## Input records:

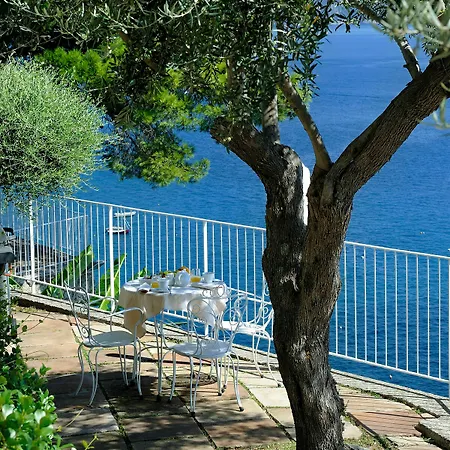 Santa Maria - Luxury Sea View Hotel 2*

* * *

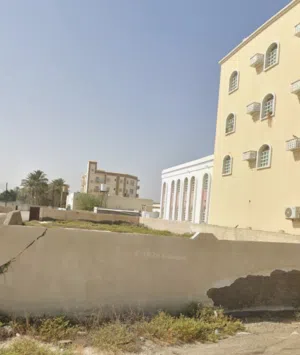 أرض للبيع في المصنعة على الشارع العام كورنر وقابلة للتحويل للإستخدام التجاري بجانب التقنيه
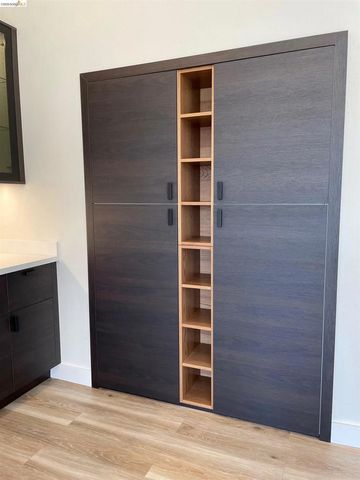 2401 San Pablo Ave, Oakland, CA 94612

## Aim of the task:
The lines to reproduce run from the one above containing "أرض للبيع في" through the one containing "2401 San Pablo Ave, Oakland, CA 94612". Copy them exactly and leave out all pictures.

## Solution to the problem:
 أرض للبيع في المصنعة على الشارع العام كورنر وقابلة للتحويل للإستخدام التجاري بجانب التقنيه
 2401 San Pablo Ave, Oakland, CA 94612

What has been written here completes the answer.